(Beginning of RECORDS PROVIDED)

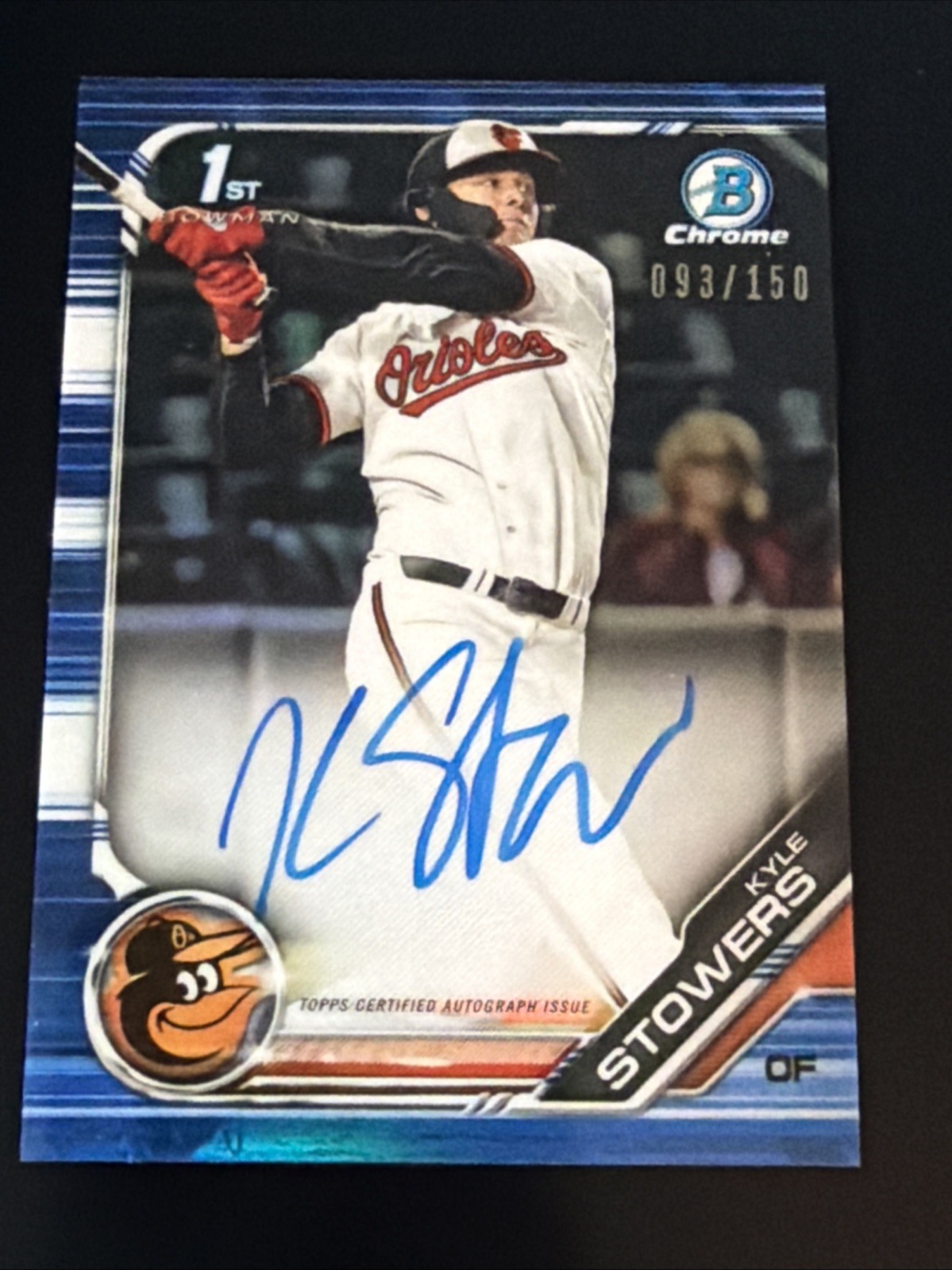 2019 Bowman 1st Chrome Kyle Stowers True Blue Auto /150 #CDA-KS  Orioles Marlins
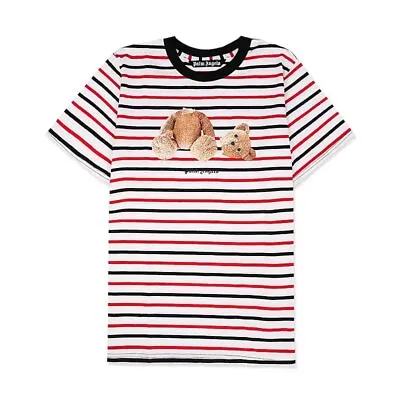 Fashion Striped Teddy Bear T-shirt Unisex Casual Street Short Sleeve • $29.99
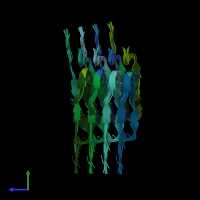 PDB entry 8ezd coloured by chain, ensemble of 9 models, side view.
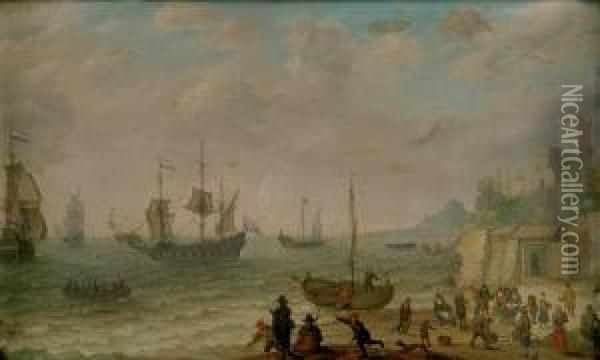 Bateaux Pres Du Rivage Oil Painting - Abraham Willaerts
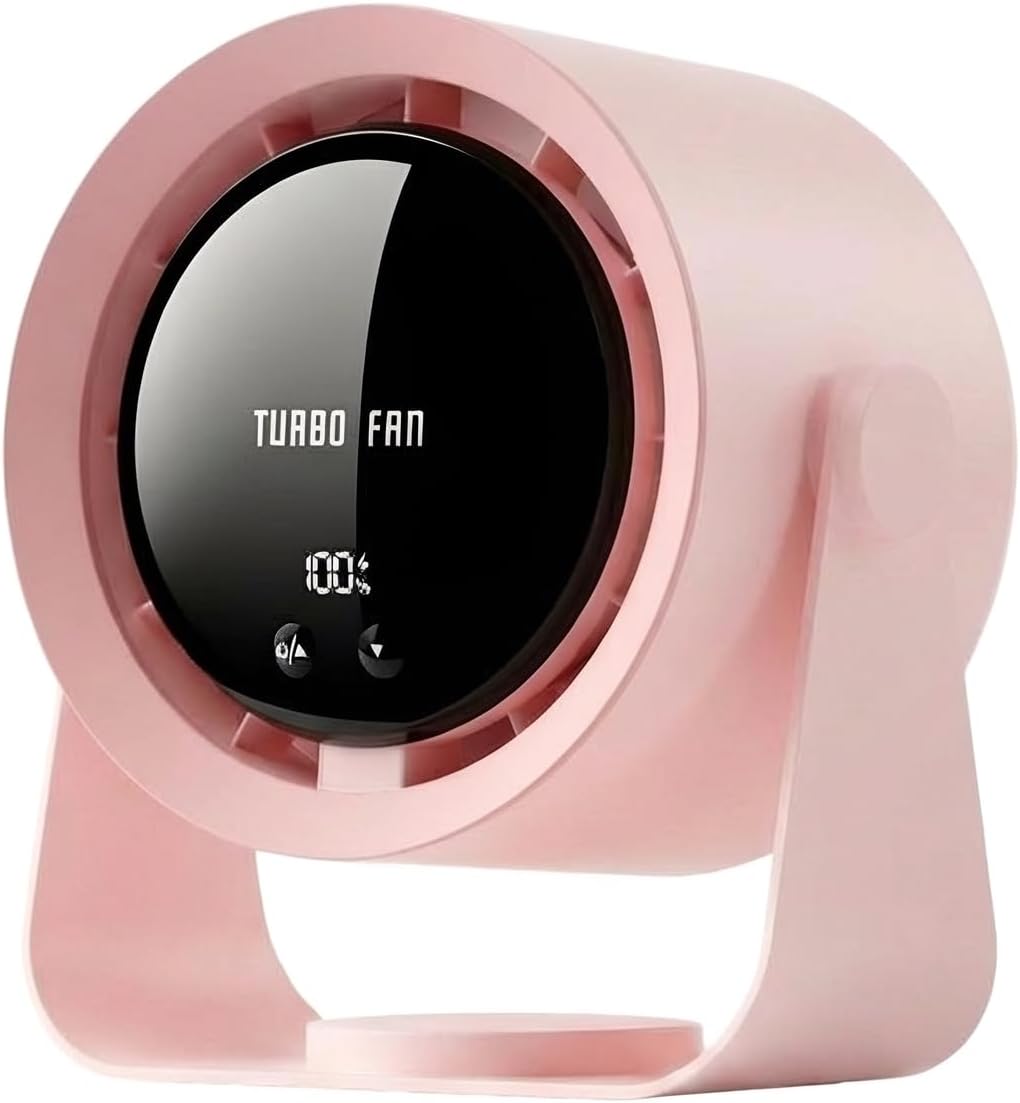 Desk Fan, USB Rechargeable Quiet Desktop Fan with 5400mAh Battery & LED Display, Adjustable Speed Control, 90° Tilt Head Hangable Table Fan for Office, Bedroom, Dorm, Kitchen (Deep Sky Grey)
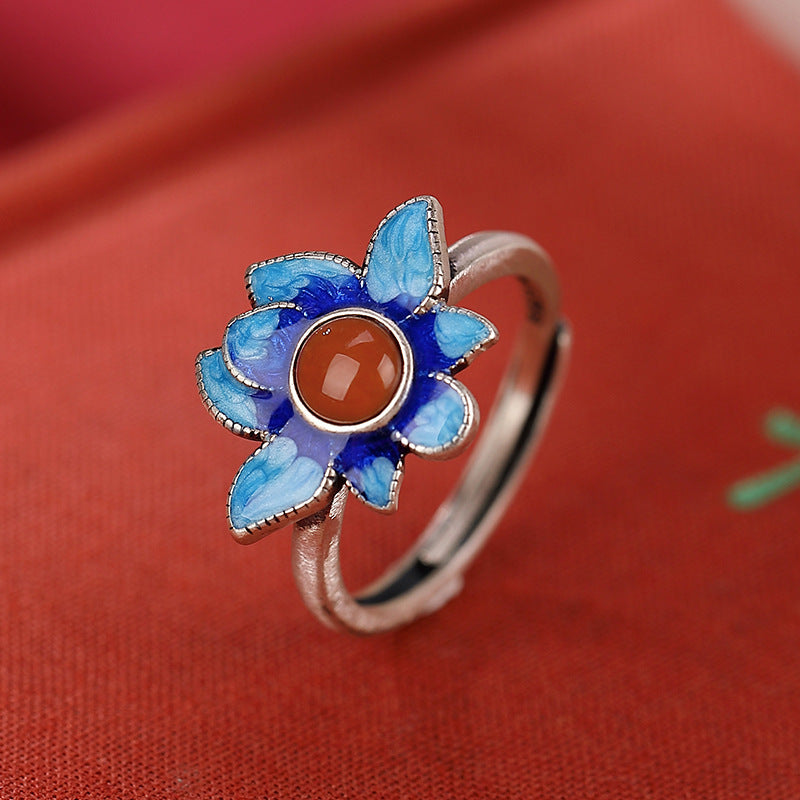 S925 sterling silver agate lotus ring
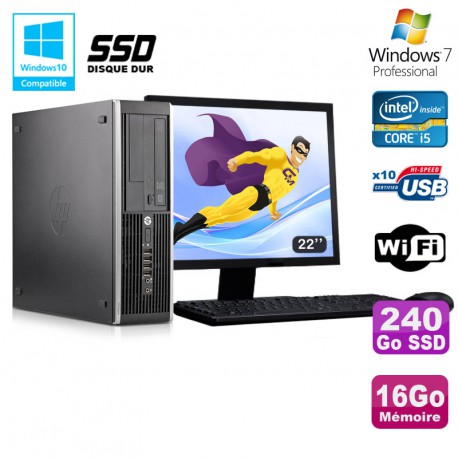 Lot PC HP Elite 8300 SFF I5-3470 3.2GHz 16Go 240Go SSD Graveur Wifi W7+ Ecran 22
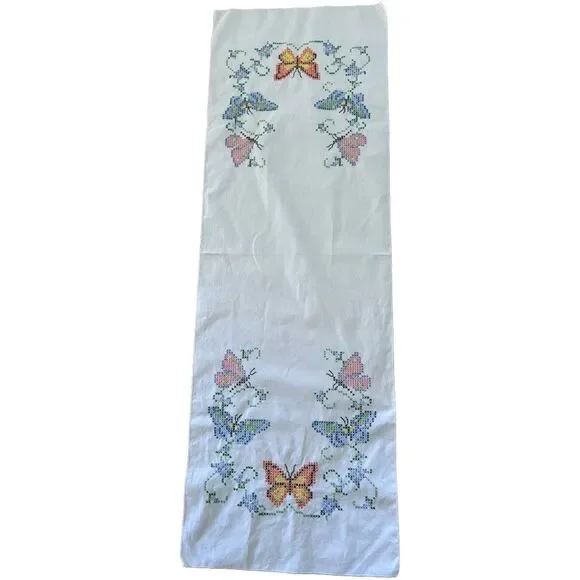 Vintage Cross Stitch Butterfly Table Runner Floral Embroidery White Linen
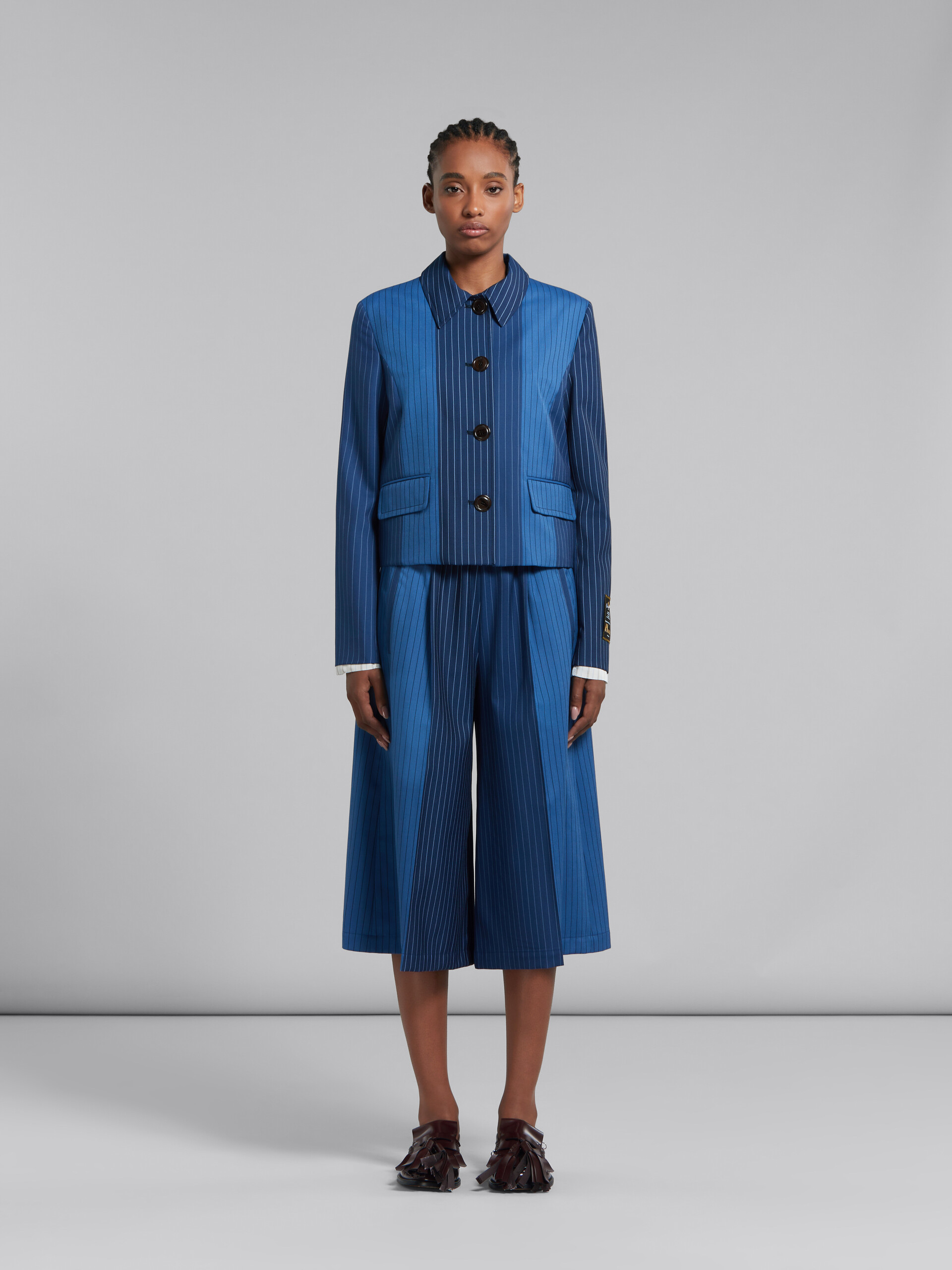 Marni Cropped Contrast Pinstripe Shirt Jacket In Blue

(End of RECORDS PROVIDED)

**WHAT YOU SHOULD DO:** Exact copy required, pictures excluded: the lines from the one holding "Fashion Striped Teddy" through the last line of the data, both ends included.

**EXERCISE ANSWER:**
 Fashion Striped Teddy Bear T-shirt Unisex Casual Street Short Sleeve • $29.99
 PDB entry 8ezd coloured by chain, ensemble of 9 models, side view.
 Bateaux Pres Du Rivage Oil Painting - Abraham Willaerts
 Desk Fan, USB Rechargeable Quiet Desktop Fan with 5400mAh Battery & LED Display, Adjustable Speed Control, 90° Tilt Head Hangable Table Fan for Office, Bedroom, Dorm, Kitchen (Deep Sky Grey)
 S925 sterling silver agate lotus ring
 Lot PC HP Elite 8300 SFF I5-3470 3.2GHz 16Go 240Go SSD Graveur Wifi W7+ Ecran 22
 Vintage Cross Stitch Butterfly Table Runner Floral Embroidery White Linen
 Marni Cropped Contrast Pinstripe Shirt Jacket In Blue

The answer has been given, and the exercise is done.